[Material shown Boundary: Start]
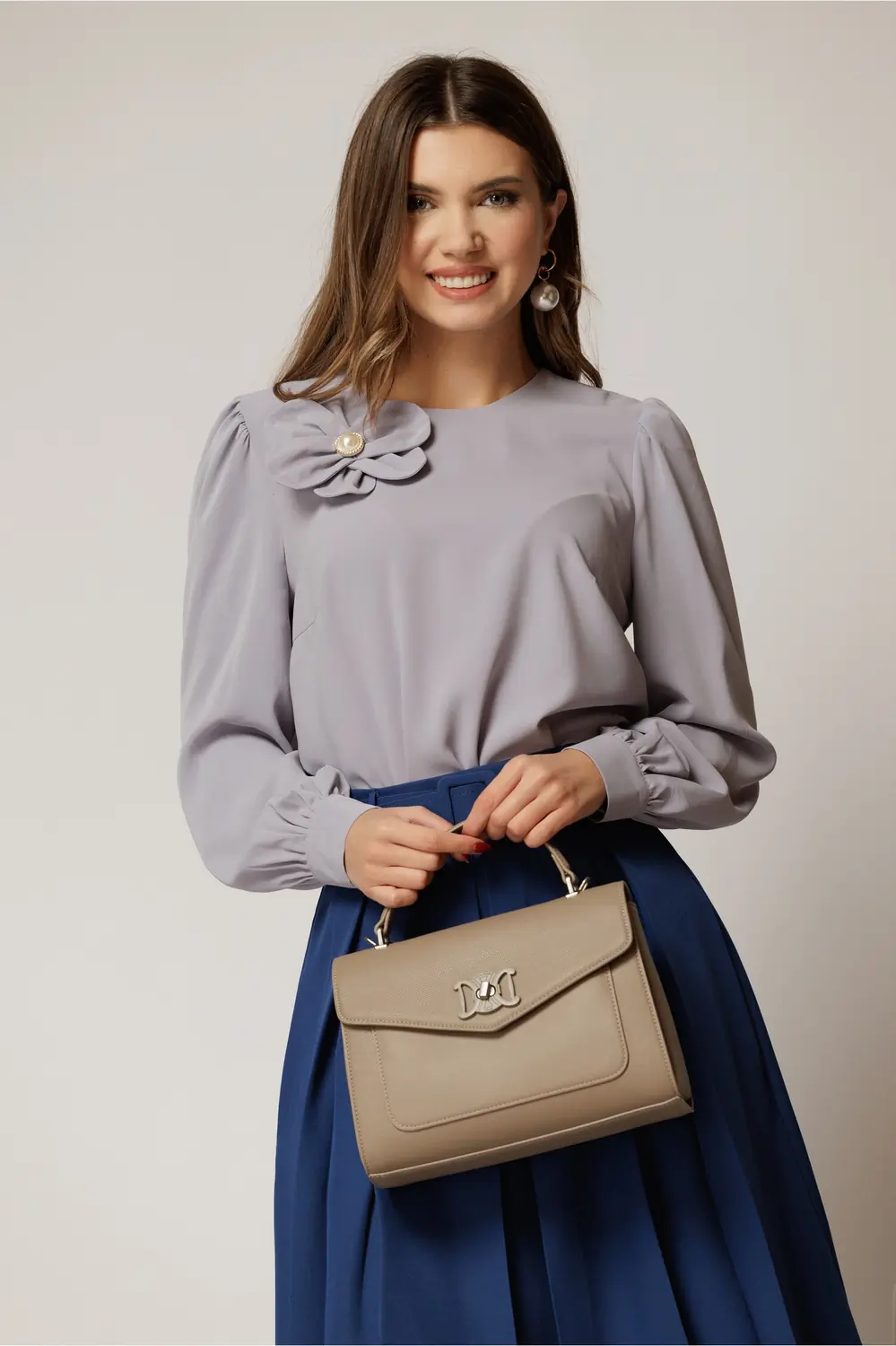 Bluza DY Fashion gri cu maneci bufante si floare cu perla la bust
[Material shown Boundary: End]
[Material shown Boundary: Start]
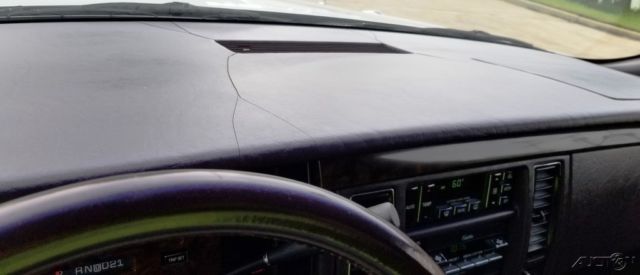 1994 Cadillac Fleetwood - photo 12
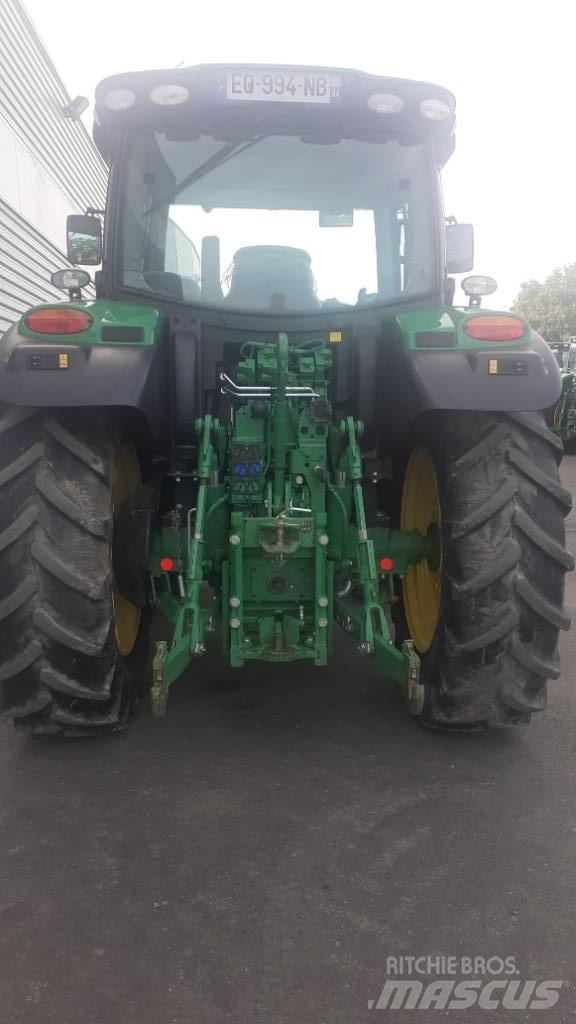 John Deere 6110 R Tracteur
[Material shown Boundary: End]
Reproduce the listing above only between the lines holding "1994 Cadillac Fleetwood - photo 12" and "John Deere 6110 R Tracteur", inclusive. Every line must match exactly, and pictures are dropped.

◆ Answer to this task ◆
 1994 Cadillac Fleetwood - photo 12
 John Deere 6110 R Tracteur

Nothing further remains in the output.